Calling for an overhaul of the inspections system, she suggested instead a “rigorous system of school self-evaluation with light touch external moderation.”

The survey of the ATL’s 996 members also showed that 91 per cent rated both him and Michael Gove a ‘fail’.

The vote of no confidence was passed on 25 March. It is the first motion of its kind in over a century.

The two Michaels (Wilshaw and Gove) were criticised by the ATL for an “abject failure to improve education or treat teachers, parents and pupils with respect”.

And this is from a union that is generally considered to be one of the more moderate teacher’s unions.

NASUWT and the National Union of Teachers (NUT) – which represent 9 out of 10 teachers — have jointly promised a wave of strikes starting in the North West of England in June, under their campaign to Protect Teachers and Defend Education.

If the Government does not engage with their demands for nationally-agreed pay and conditions, pensions, and workload for teachers, the strikes could cause a national disruption.

The last teacher’s strike in March 2013 saw the majority of Hackney schools closing for a full school day over a pensions row.

Changes to teacher pay conditions – moving toward performance-based pay, and changes in the exam system, are central to the unions’ criticisms.

Teachers have to “work longer and get less” for their pensions, according to Jamie Duff.

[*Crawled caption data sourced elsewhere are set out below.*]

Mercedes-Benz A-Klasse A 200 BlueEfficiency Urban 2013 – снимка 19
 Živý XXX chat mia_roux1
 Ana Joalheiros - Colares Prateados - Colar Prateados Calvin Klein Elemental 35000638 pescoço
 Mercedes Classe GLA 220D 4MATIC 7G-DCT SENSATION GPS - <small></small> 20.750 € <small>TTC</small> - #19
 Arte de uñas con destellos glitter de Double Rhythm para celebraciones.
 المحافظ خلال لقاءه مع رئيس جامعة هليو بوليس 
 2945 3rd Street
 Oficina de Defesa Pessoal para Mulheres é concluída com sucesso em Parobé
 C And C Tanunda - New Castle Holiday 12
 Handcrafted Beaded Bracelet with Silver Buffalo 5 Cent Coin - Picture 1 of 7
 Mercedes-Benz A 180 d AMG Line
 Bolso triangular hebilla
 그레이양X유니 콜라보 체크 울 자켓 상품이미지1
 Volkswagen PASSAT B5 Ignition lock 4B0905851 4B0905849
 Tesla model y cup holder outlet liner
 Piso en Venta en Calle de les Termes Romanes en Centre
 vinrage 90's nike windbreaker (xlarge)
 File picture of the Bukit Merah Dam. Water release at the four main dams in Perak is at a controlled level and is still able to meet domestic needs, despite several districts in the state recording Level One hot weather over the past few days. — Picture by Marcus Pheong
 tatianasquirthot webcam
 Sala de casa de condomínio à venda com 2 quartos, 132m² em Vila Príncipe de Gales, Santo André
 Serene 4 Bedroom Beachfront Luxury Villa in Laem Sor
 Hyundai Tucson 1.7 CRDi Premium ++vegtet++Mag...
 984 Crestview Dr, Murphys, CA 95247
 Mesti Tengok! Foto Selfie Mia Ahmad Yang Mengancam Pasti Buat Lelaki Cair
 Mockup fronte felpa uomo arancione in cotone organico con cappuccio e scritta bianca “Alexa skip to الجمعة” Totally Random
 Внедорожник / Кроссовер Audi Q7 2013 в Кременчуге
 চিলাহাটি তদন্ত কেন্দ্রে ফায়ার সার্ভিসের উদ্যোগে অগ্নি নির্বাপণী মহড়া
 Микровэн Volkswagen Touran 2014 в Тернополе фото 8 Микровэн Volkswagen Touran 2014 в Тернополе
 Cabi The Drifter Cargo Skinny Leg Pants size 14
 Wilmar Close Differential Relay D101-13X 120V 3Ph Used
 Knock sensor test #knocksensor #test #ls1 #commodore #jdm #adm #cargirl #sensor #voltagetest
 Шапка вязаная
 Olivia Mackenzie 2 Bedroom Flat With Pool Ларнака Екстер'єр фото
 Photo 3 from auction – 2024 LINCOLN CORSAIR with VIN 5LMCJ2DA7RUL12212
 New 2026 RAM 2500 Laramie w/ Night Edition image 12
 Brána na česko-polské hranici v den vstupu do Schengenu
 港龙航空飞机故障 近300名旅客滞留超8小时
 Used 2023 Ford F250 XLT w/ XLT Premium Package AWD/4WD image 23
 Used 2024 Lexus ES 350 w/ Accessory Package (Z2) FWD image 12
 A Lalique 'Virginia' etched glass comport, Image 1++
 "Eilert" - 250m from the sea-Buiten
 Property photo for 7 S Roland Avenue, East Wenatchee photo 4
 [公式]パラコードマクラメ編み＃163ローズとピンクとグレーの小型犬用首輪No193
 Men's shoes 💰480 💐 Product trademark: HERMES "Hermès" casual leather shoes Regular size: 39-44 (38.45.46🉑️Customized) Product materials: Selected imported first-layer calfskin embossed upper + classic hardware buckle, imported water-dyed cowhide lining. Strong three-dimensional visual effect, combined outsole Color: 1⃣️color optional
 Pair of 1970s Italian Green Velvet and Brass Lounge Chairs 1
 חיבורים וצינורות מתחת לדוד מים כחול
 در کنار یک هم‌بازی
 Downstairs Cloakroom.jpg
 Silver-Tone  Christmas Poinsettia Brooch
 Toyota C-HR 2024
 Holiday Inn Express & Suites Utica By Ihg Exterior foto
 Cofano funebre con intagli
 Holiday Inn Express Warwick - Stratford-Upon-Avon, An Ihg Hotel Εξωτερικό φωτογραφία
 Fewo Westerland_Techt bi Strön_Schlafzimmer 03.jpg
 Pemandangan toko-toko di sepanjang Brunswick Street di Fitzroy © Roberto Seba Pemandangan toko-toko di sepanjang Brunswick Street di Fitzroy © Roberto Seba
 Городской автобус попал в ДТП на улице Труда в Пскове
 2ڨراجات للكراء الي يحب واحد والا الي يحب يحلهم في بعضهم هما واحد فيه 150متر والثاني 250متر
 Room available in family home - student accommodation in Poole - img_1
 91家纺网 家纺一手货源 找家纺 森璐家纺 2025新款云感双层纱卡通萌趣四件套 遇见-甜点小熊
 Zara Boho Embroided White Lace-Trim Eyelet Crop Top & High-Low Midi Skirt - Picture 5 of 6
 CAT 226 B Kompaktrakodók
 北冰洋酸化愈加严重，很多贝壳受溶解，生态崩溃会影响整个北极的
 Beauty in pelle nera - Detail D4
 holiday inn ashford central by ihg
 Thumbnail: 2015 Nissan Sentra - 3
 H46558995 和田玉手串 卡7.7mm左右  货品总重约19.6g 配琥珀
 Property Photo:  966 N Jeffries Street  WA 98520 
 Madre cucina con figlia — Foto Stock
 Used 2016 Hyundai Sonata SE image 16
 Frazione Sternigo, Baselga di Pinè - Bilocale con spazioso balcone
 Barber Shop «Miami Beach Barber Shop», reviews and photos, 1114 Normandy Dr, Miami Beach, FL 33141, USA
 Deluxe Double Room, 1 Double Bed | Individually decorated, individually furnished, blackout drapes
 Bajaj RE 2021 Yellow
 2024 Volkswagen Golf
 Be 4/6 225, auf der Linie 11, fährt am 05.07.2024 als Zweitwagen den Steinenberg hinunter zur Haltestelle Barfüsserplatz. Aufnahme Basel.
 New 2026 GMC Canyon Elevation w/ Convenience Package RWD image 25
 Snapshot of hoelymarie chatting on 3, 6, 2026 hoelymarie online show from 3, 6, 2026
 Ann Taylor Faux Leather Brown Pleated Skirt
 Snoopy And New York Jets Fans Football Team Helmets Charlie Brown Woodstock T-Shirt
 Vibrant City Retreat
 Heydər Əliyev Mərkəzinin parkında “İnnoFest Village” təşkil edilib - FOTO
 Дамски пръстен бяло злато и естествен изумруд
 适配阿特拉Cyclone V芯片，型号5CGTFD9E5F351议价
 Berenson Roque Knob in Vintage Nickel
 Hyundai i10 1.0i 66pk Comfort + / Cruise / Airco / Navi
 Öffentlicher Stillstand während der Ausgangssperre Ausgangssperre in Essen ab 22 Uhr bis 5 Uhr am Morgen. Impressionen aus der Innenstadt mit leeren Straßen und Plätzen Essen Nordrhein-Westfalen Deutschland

In response to the criticisms, the Department for Education said: “We need to make sure we have an education system that is robust and rigorous” to ensure England’s education provision remains competitive globally.

Parents expressed similar concern in a survey published by the pollster YouGov and the NUT. The survey of 2,008 parents showed that only 8% of believe that the Government has made a positive impact on the education system.

Note: this article was updated at 10.30am Tuesday 2 April 2013 with a comment from Jamie Duff, Hackney NUT spokesperson.